The Idle Devil said...

Hugs...I did wonder about Liv's father and now I know...it's wonderful...

sparsely kate said...

Wow, I enjoyed reading that very personal story, thanks for writing it out!! :)

deb said...

Mrs. Robinson, you go girl. Lovely story and Liv is a lucky girl to have so many loving people in her life.

dive said...

Sounds like it's going to be a fabulous Christmas, Maria; especially for everyone's tastebuds!

Have a great time and stay warm!

Fusion said...

Thanks for sharing that part of your life with us Maria. And so glad Tinton grew up too. Liv is a lucky girl...

jenny said...

Was just thinking if I was a lesbian people wouldnt find me having two children and wanting another but not wanting to be in a relationship with a man so strange?
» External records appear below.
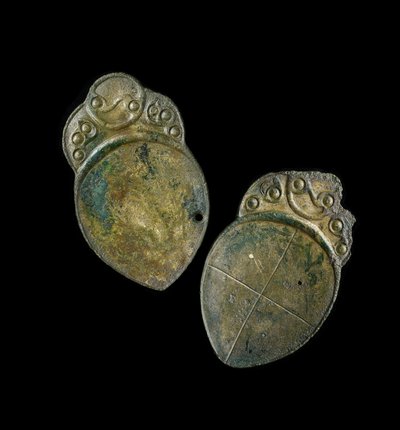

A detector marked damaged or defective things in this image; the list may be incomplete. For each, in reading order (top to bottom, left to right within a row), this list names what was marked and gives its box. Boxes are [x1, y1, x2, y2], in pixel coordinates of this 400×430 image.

corroded metal surface [62, 73, 209, 288]
corroded metal surface [202, 171, 354, 366]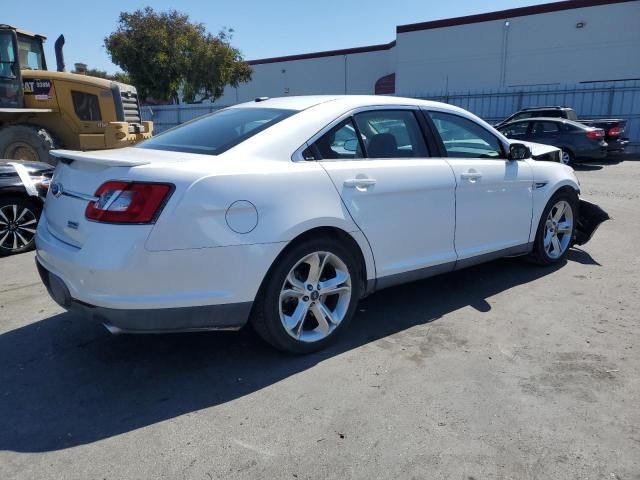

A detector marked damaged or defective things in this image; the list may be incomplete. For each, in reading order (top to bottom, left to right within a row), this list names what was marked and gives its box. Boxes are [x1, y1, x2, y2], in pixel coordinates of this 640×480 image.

damaged vehicle [35, 95, 608, 354]
front end damage [576, 199, 608, 246]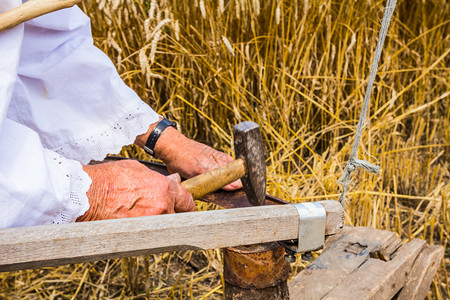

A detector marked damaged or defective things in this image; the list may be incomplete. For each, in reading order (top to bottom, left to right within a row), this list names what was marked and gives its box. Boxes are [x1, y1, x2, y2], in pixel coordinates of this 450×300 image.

rusty metal anvil [182, 122, 268, 206]
rusty metal stake [223, 243, 290, 298]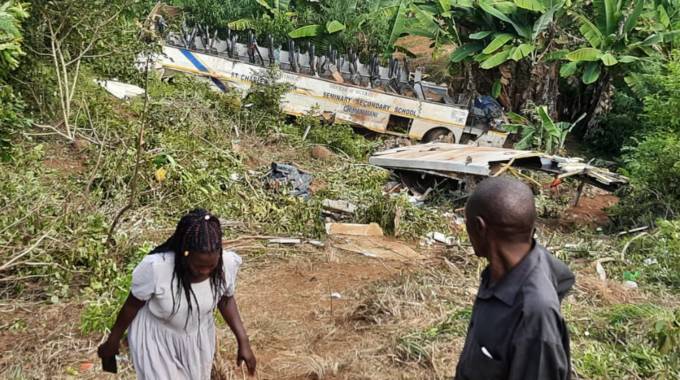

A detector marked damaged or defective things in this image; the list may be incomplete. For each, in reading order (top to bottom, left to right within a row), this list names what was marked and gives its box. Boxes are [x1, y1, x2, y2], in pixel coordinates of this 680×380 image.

torn metal sheet [95, 79, 144, 99]
overturned bus [149, 5, 510, 147]
crumpled metal debris [266, 163, 314, 199]
torn metal sheet [370, 142, 628, 190]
Anyway not such much a question but a request, tell us about Bings parenting relationship with Liv?

MmeBenaut said...

Let's see; 22 and 40 - nothing wrong with that dear, particularly since it was only a one night stand. Liv was clearly just meant to be - there was no stopping this kid from coming along!
When I was 37, I lived for a year with a man who was 20/21. He absolutely loved me and I guess I loved him. He was gorgeous; a pilot. Both his parents and I knew that the relationship was time limited and that I meant the boy no harm and would leave when the time was right. His parents felt that it would be good for him as he had been quite introverted previously and depressed and I had brought him out of his shell a bit. After a year, I took a job in another state and he was heartbroken but within a couple of months he had met someone else and within a year he was married to her. Once he told me they were engaged, I said goodbye to him forever as I didn't want to interfere with his developing a true and faithful relationship with his wife. I stayed in touch with his mother for a while but now I don't bother. Let's see, he'd be about 35 now and no doubt has children. I really hope he is happy as he was very sweet and just right for me at the time. Every morning when he woke, before he opened his eyes, he would snuggle and say "I love you". Coming out of a quite bad marriage, that was what I needed. It's a memory I cherish.
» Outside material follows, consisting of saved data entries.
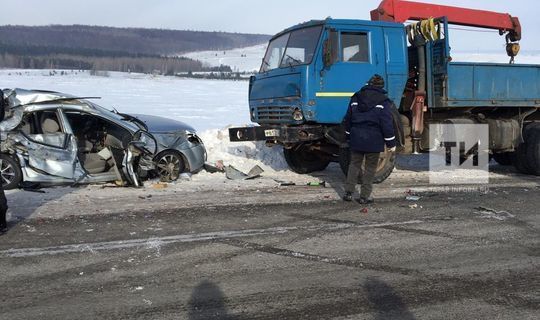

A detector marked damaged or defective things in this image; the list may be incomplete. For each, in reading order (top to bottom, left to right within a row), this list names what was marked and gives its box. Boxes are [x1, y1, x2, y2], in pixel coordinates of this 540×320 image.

wrecked silver car [0, 89, 207, 189]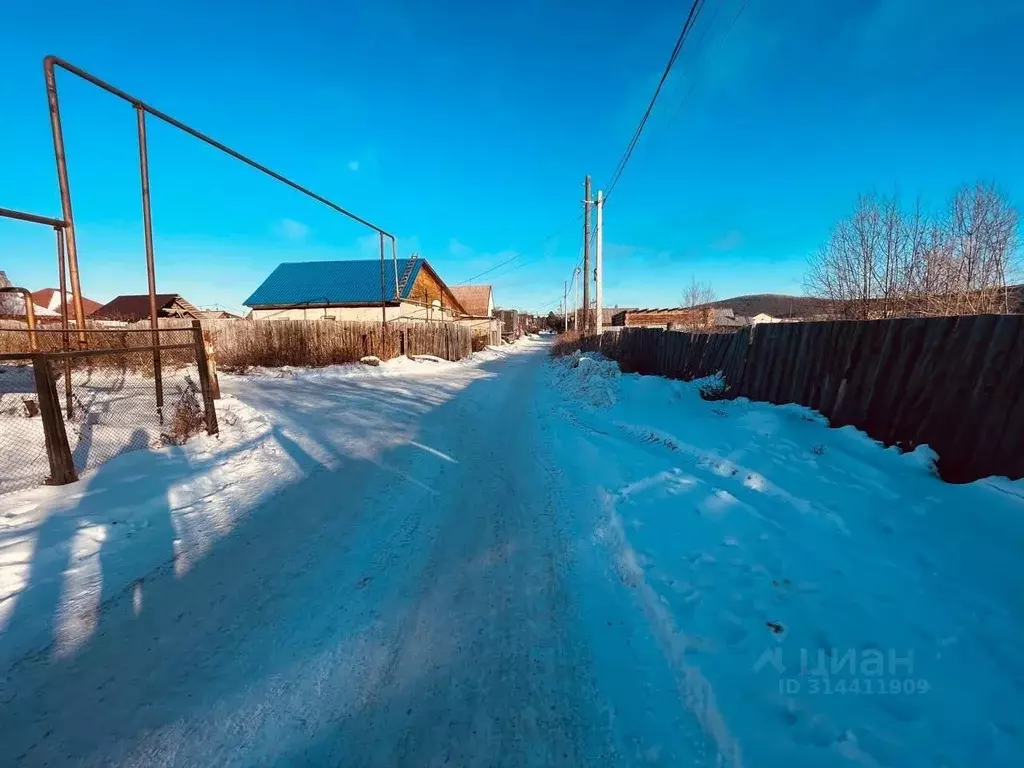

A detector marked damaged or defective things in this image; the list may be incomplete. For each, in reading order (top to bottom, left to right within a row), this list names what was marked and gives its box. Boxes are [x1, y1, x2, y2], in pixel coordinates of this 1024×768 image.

rusty metal pipe post [0, 288, 37, 352]
rusty metal pipe post [55, 227, 73, 417]
rusty metal pipe post [43, 58, 87, 348]
rusty metal pipe post [137, 105, 164, 423]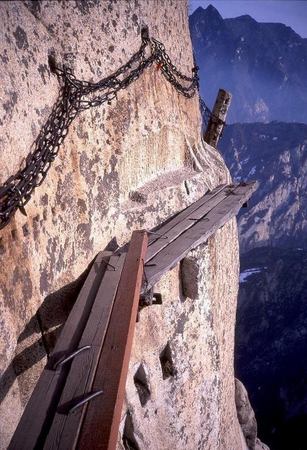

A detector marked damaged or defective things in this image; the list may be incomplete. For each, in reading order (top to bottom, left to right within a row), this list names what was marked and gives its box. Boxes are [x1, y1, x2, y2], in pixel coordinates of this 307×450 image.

rusty iron chain [0, 26, 214, 230]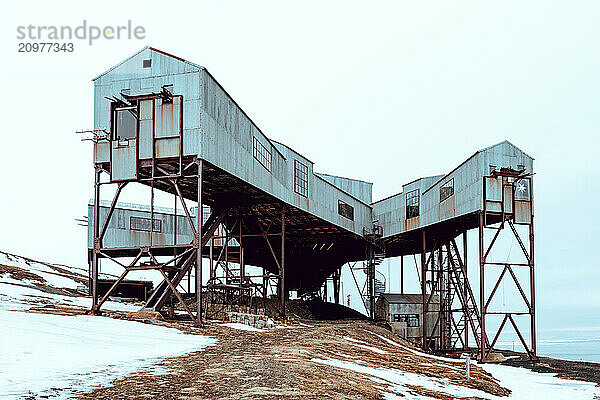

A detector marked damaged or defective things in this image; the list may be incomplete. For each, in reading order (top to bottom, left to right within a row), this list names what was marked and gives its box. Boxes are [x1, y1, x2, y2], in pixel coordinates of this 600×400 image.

broken window [112, 106, 137, 141]
broken window [253, 137, 272, 171]
broken window [129, 217, 162, 233]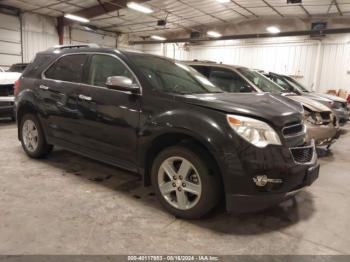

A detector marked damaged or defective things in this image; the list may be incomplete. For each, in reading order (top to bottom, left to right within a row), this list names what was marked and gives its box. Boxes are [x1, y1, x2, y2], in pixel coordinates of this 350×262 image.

damaged car in background [186, 60, 340, 148]
damaged car in background [266, 72, 348, 126]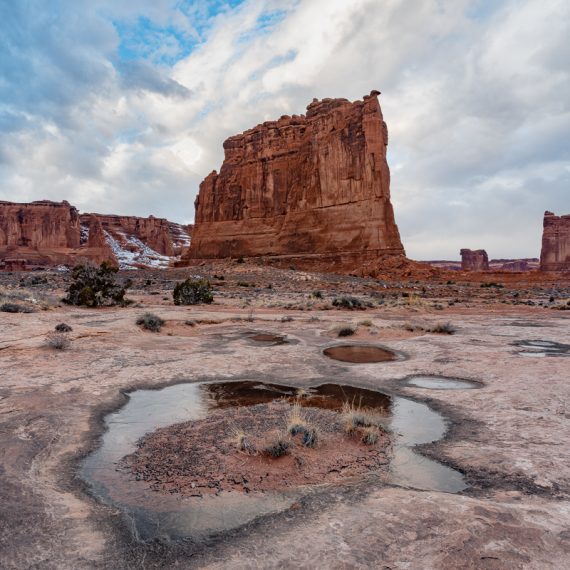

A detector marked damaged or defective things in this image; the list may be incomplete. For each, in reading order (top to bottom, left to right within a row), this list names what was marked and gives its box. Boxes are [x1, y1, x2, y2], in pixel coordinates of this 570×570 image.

shallow pothole pool [83, 380, 466, 540]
Good luck with keeping the Christmas Eve secret!

LL Cool Joe said...

Thank you for taking the time to answer my question, and for the kind comments about my blog too. I appreciate that you take the time to read it and comment. You have such a huge following that I'm always chuffed that you bother with someone like me at all. :)

I tend to agree about finding incorrect grammer more of an issue when it's spoken too. I actually notice it more than when it's written.

sandy shoes said...

Well, I can attest that sex with a geologist (even with all the inevitable bedrock puns) is one of the great pleasures of this earthly existence; and in your case, resulting as it did in your sweet Liv, it's even made the world a better place.

Chris said...

i love these, you know. i adore the way you and Liv's dad have chosen to be so grownup and loving in your coparenting of that little piece of brilliance.

p.s. had to laugh at the montessori school story, as my lesbian BFF Margaret sends her kid to Montessori school out in Arizona and she just had her Solstice show :-)

the only daughter said...

I agree, there was just no stopping Liv. She is marvelously surrounded with love, honesty, devotion and passion and warmth.

Yum.

Terroni said...

I have a friend your age who has a 32 year old man that occasionally comes over in the middle of the night, rips his shirt off (yes, literally), and takes her on her dining room table.

She says, "Well, what the hell else am I going to do at 3 am? I certainly can't sleep with these fucking hot flashes."

Eric said...

1. A European swallow yes, but can it carry a coconut?

2. I also love waking up in the middle of the night, usually to let Heidi out, and seeing that I've still got a couple of hours or more to sleep.

3. You know what they say, once you go geologist you never...wait, no they don't.

justme said...

These are such fascinating answers to questions, and especially the one about Liv's father. She is a lucky girl.